Jean Baubérot : Effectivement, beaucoup de pays qui avaient admiré la position de la France face à la guerre d'Irak ont été déçus par la loi de mars 2004. Et il ne s'agit pas seulement de pays musulmans. La loi de mars 2004 interdit le port de signes religieux dits "ostensibles" à l'école publique. Par exemple, la loi a conduit à exclure des sikhs de l'école parce qu'ils avaient un turban, ce qui a provoqué des campagnes de presse hostiles en Inde.
Par ailleurs, souvent, on a cru que le foulard était interdit partout, et pas seulement à l'école publique. Bien sûr, d'autres personnes et moi-même, quand nous faisons des conférences à l'étranger, nous rectifions. Mais il faut se rendre compte que ce genre de généralisation est assez identique à la façon dont nous généralisons nous-mêmes souvent notre vision d'autres pays.
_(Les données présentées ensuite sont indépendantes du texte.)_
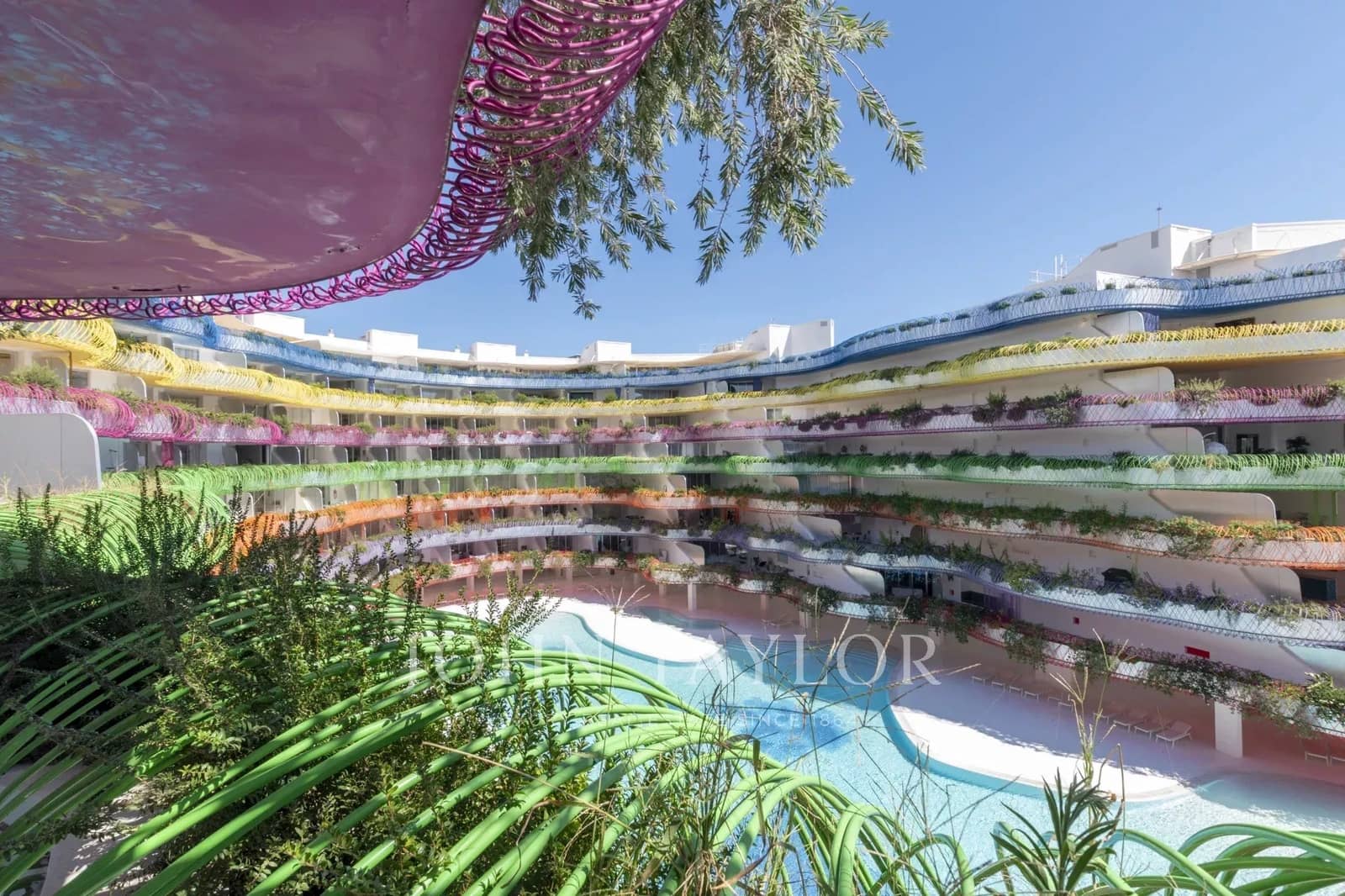 3 bedroom Apartment for sale in Ibiza / Eivissa town with pool - € 1,600,000 (Ref: 9428641)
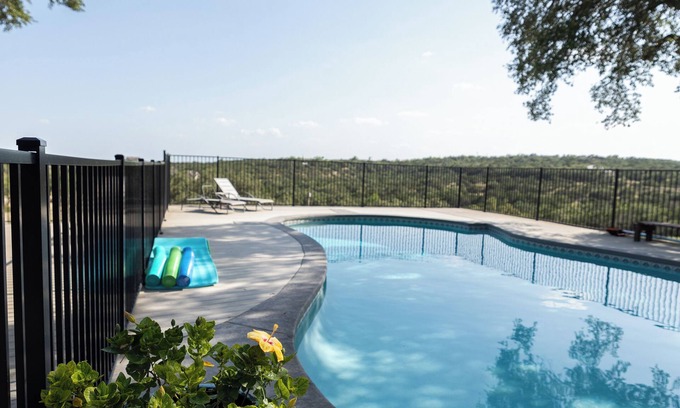 Dripping Springs House | Longhorn Getaway in Dripping springs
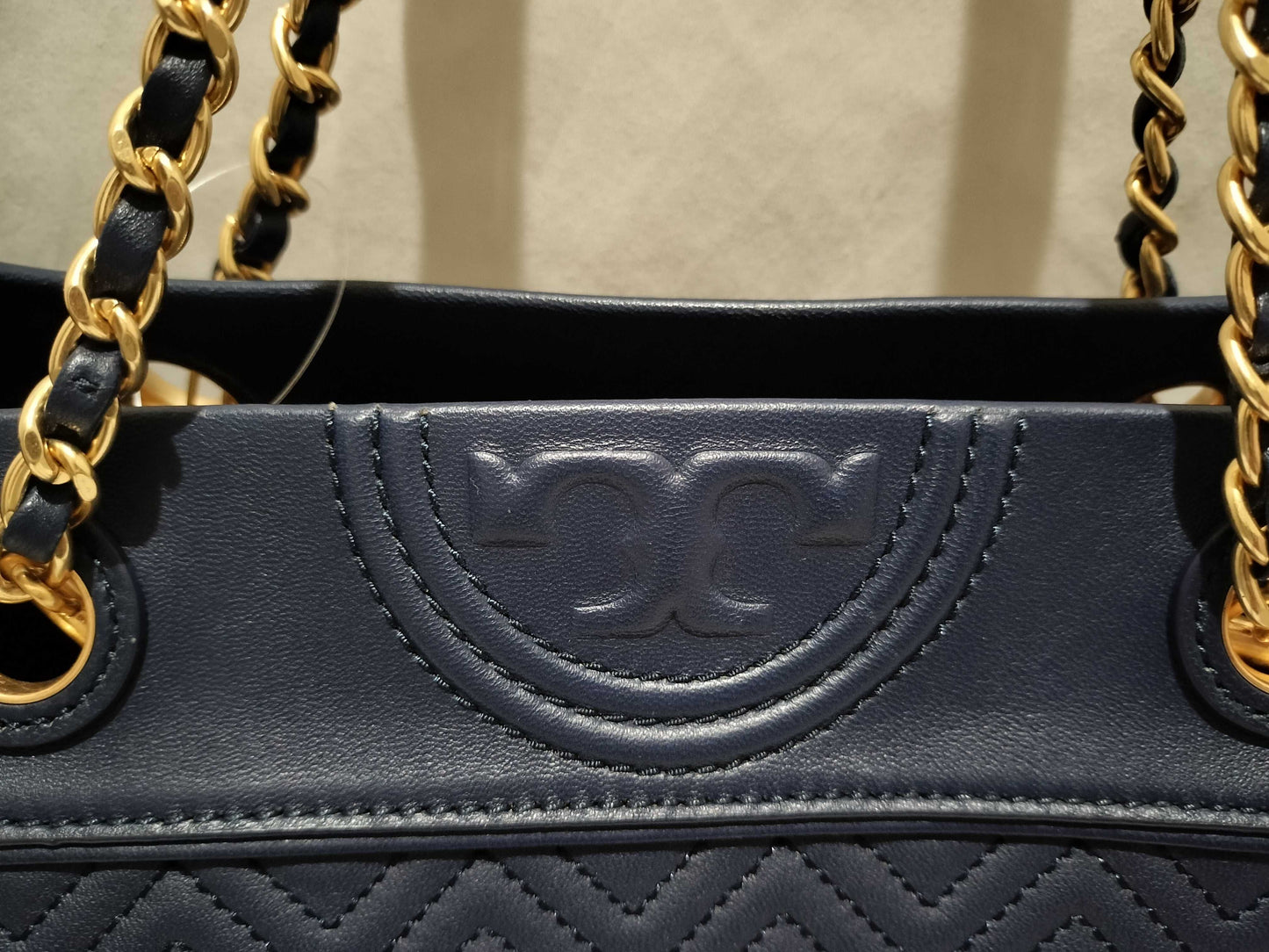 Tory Burch Fleming/Leather Shoulder Bag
La loi a provoqué des désaccords, mais on a intérêt à séparer les aspects fondamentaux de la laïcité.
Il y a trois éléments : la liberté de conscience et de culte, la séparation du religieux et du politique et l'égalité des religions et des convictions (non religieuses). Et la concrétisation qui en est donnée, soit en France, soit dans d'autres pays, dans des situations particulières. C'est le but de la déclaration que "Le Monde" a publiée dans son numéro de samedi 10 décembre, qui essaie de montrer que la laïcité n'est pas que française.
Sarah : La loi sur le port du voile ne serait-elle pas en contradiction avec le principe même de laïcité, puisque cette première a exclu du domaine public l'expression d'une conviction religieuse qui ne porte pas atteinte a l'ordre public ?
Jean Baubérot : Le débat, effectivement, est de savoir si cela porte atteinte ou non à l'ordre public. En 1989, après la première affaire de foulard, le Conseil d'Etat avait estimé qu'un port discret de signes religieux ne portait pas atteinte à l'ordre public. Et pour lui, ce qu'il fallait sanctionner, c'était des comportements qui pouvaient accompagner ce port de signes religieux : mise en cause des programmes et des horaires ou de l'autorité des professeurs, actes de prosélytisme à l'intérieur des bâtiments scolaires.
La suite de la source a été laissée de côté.